Gründer Florian Wagner will selbst investieren

Statt Kapital von außen aufzunehmen, fiel Gründer und CEO Florian Wagner Ende Juni mit einer anderen Ankündigung auf: Er selbst werde 20 Millionen Euro in vier Tranchen zu je fünf Millionen Euro über einen Zwei-Jahres-Zeitraum in Emerald Horizon investieren. Er behielt sich dabei vor, dass Co-Founder Philipp Pölzl und Investor Carl Page als Co-Investoren je einen Teil der Tranchen übernehmen könnten.

Und woher kommen diese durchaus substanziellen Eigenmittel? Wagner und Pölzl betreiben mit Qbasis Invest seit mehr als 20 Jahren ein Finanzunternehmen, das laut öffentlich einsehbaren Angaben im Vorjahr aber nur rund 40.000 Euro Gewinn abwarf.

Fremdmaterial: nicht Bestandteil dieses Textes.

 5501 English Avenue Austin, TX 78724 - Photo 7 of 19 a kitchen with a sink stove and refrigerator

Privatdarlehen für Verpfändung von 75.000 Aktien

Mehr Aufschluss gibt wohl eine auffällige Ad-hoc-Meldung (für börsennotierte Unternehmen verpflichtende Mitteilung) von Emerald Horizon von gestern, die heute durch eine erklärende Aussendung des Unternehmens ergänzt wurde: Gründer Wagner nimmt privat ein sogenanntes Lombarddarlehen auf. Bei so einem werden Wertpapiere als Sicherheit hinterlegt. Im konkreten Fall verpfändet der Unternehmer 75.000 eigene Aktien „aus seinem Altbestand“. Diese haben aktuell einen Börsenwert von rund 76 Millionen Euro. Die bewilligte Kreditsumme liegt bei derartigen Darlehen üblicherweise erheblich unter dem Marktwert der beliehenen Wertpapiere.

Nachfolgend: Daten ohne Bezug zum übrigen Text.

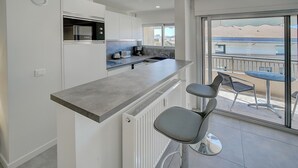 A modern kitchen with a bar area, a dining table with chairs, and a view of the outside. - Studio Moderne ET Renove A 2MN Croisette A0b166 (Cannes)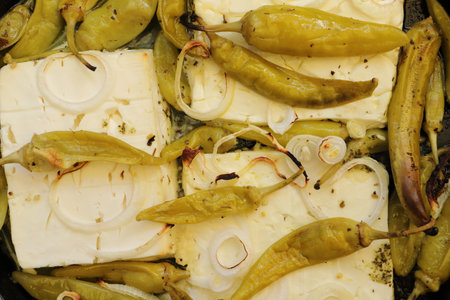 Baked feta cheese with pepperoni and onionsの写真素材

„Bestandteil eines übergeordneten mehrstufigen Maßnahmenpakets“

„Die Maßnahme ist Bestandteil eines übergeordneten mehrstufigen Maßnahmenpakets. Entsprechend den kapitalmarktrechtlichen Bestimmungen wird die Gesellschaft zu gegebener Zeit über weitere Aktivitäten informieren“, heißt es dazu von Emerald Horizon. Die Mittel sollen demnach „primär direkt und indirekt zur Kommerzialisierung von DUALstorePLUS aber auch zur beschleunigten technischen Umsetzung und industriellen Überführung des ADES/SMRX-Programms verwendet werden“. DUALstorePLUS ist die Energiespeicher-Technologie, mit der Emerald Horizon bereits am Markt ist. ADES ist der Markenname der geplanten Kleinreaktoren.